Either or - both are solid systems.


----------



## COBRA-6 (20 Aug 2005)

But without the browning what willl the other nations have to make fun of us over?? "That is your pistol?? Do you throw it at the enemy?? Seriously that is not something you issue to a first world army..."


----------



## Good2Golf (20 Aug 2005)

SAS still uses both the BHP and 226...not sure that 22nd Reqt is "third world"....


----------



## KevinB (20 Aug 2005)

Every Single Belgian Para had a BHP.  I dont see them as third world... (albiet their Night figthing capability makes then look as such...)
 Problem is many of the IN SERVICE guns are worn out / have bad mags etc.

No one is documenting these issues higher - heck the LCMM asked for UCR's or other issues on them two years ago.

 One of the 1VP WO's submitted a UCR after Kosovo about the pistol - however no one seem to action complaints...


----------



## Gunnerlove (20 Aug 2005)

Nothing lasts forever. 

Now while I prefer polymer framed auto pistols the BHP is and will remain an effective pistol for years to come.
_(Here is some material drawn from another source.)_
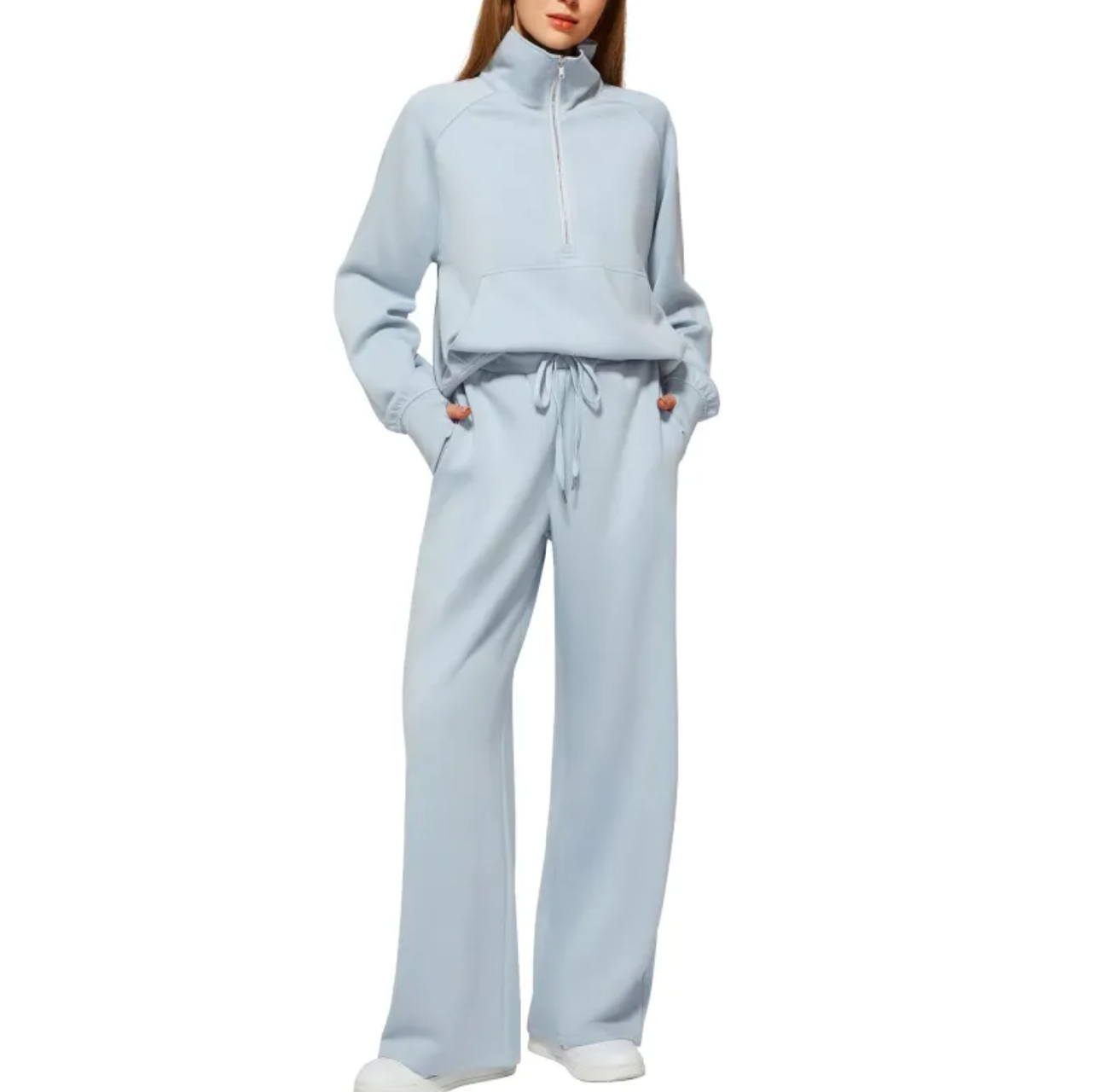 Women's Long Sleeve Lapel Crop Top and Pants Set - Perfect for Any Occasion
The fact that they are still being made and sold to consumers despite all of the other options on the market shows their continued relevance today.

The problem with our pistols is the same problem we have with everything else in the forces. We totally use up what we have in circulation while brand new items sit in warehouses as "war stock". Then when the highpower is retired due to "reliability issues" we will be destroying used pistols along with brand new ones.

We are spending dollars to save dimes. Always have and always will.


----------



## ArmyAviator (23 Aug 2005)

The Hi power was a great weapon but it has been overrun by technology.  The old single action, single sided safety catch, requires more trg than most units give/get to carry it safely in a cocked and locked state (and for a lefty it would be unsafe).  Yes a tuned up Hi-power is a good weapon.  Agreed shot placement is more important than anything else when it comes to pistols: they are all under powered when compared to an assault rifle.  However, technology is out there that make modern pistols easier to shoot adequately for the average user and reduce some of the training time required to safely carry a weapon with "one up the spout". 

If they want to keep the browning the CF should modify them with the light double action hammer and trigger group (A la the Para-Ordnance LDA) and an ambidextrous safety (important even for right handed shooters).  If not, sell them off and issue out the Sigs.


----------



## KevinB (24 Aug 2005)

AA - I will dispute you comments a bit.

 Ambi Safeties are available - as are Night Sights - these could easily bring the BHP back into the modern way.

Secondly while I dont like Glocks as much as Sig's, the G17 is a much better pistol for the CF (its cheap too)
 It is the "perfect stupid persons gun"
 Drawn gun - pull trigger - go bang - repeat as necessary - reload and reholster.

The Decocker on the Sig and the DA/SA trigger chnage from first to second shot does not make it a great gun to train people on a limited trg budget/timeframe.  I've seen a number of Sig users attemtp to reholster a gun still cocked -as they where not familiar enough with the system to use it safely.

IMHO while it may be cheaper to fix the BHP's (mag safety removed, ambi safety, night sights) the problem with the mags in the system,the lack of a real holster for them - and general poor knowledge in the CF about the use of them - We'd be better suited by getting the G17.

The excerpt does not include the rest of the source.